Die reiche Handelsstadt Venedig war allerdings schon seinerzeit ein Zentrum der Innovation. Die Malkunst florierte, und die großen Meister begannen, sich intensiv mit dem Wesen von Mensch und Natur zu beschäftigen. So spiegelten Porträts das zeitgenössische Selbstverständnis der Menschen, und Landschaften ließen einen Traum von Arkadien erahnen. 
Anschaulich vermittelt der Bildband dazu in verständlich gehaltenen Aufsätzen kunsthistorische Hintergründe, und wer mag, kann gleich neueste Forschungsergebnisse nachlesen.
Die umfangreich bebilderte Publikation zur Münchner Schau (bis zum 4.2.2024) ist zwar nicht so opulent geraten wie wir das eigentlich von Bänden zur italienischen Kunst kennen, sondern erscheint diesmal nur als Klappbroschur – schwelgen lässt sich darin aber dennoch. UvS.

Andreas Schumacher:Venezia 500– Die sanfte Revolution der venezianischen Malerei, 256 S., 166 Abb., Hirmer, 39,90 Euro.

 Kunst: Zauber des Nordens
 

Die ziemlich plakative Zeile „Zauber des Nordens“ hätte man sich eigentlich sparen können – ein so großartiger Künstler wie Edvard Munch braucht solch eine PR-Floskel nicht, auch wenn sie auf Stefan Zweig zurückgeht. Jüngster Beweis: die Ausstellung in der Berlinischen Galerie (noch bis zum 24.1.2024), zu der dieser schöne, informative Katalog (mit dem überflüssigen Untertitel) erschienen ist. Sie zeigt einen Maler, der mit seinen expressiven Bildern am Ende des 19. Jahrhunderts zu einem der Wegbereiter der Moderne wurde.
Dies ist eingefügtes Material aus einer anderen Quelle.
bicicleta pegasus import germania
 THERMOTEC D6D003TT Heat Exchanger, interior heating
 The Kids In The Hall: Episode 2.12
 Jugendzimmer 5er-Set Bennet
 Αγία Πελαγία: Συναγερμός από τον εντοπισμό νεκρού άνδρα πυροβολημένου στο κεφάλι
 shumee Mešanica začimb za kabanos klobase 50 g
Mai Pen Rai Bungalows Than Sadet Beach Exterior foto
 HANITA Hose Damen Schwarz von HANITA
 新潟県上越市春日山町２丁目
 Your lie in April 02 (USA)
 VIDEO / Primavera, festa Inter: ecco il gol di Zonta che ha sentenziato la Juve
Zwar stießen seine oft roh und unfertig wirkenden Arbeiten im damals eher spießigen Berlin etwa anfangs auf empörte Ablehnung, doch bald schon hatte er gerade in der Reichshauptstadt, in der er zwischen 1892 und 1908 immer wieder länger lebte, viele Anhänger. Vor allem seine furiosen Psychodramen mit einsamen, verzweifelten und gequälten Menschen machten ihn bekannt. In Berlin sind jetzt rund 80 Werke, darunter auch Druckgrafik und Fotografien, zu sehen; ergänzt werden Ausstellung und Katalog durch Arbeiten anderer nordischer Künstler jener Zeit. PM

Edvard Munch: Zauber des Nordens. 304 S., 246 Abb. Hirmer. 49,90 Euro 


Kunst: Der Weltbürger

n der Schirn in Frankfurt ist noch bis zum 18. Februar eine große  Retrospektive des „Weltbürgers“ (Selbstaussage) Lyonel Feininger zu sehen. Der dazu erschienene Katalog stellt den Künstler (1871 – 1956) detailliert in all seinen Schaffensphasen dar – als Karikaturist, Maler und Bauhaus-Lehrer, als Fotograf und als Musiker. Seine politischen und gesellschaftlichen Karikaturen erschienen in deutschen und amerikanischen Zeitschriften. Als Meister am Bauhaus in Weimar widmete er sich dem Holzschnitt und schuf 1919 mit der „Kathedrale“ das Titelblatt für das Manifest des Bauhauses – und zugleich ein Paradebeispiel für seine „kristallinen Architekturen“, die er in vielen Gemälden darstellte.  Eher prosaisch sind die Alltagsszenen, die er mit dem Fotoapparat festhielt.
Ergänzt wir der opulente Band mit einer kurz gefassten Biografie. 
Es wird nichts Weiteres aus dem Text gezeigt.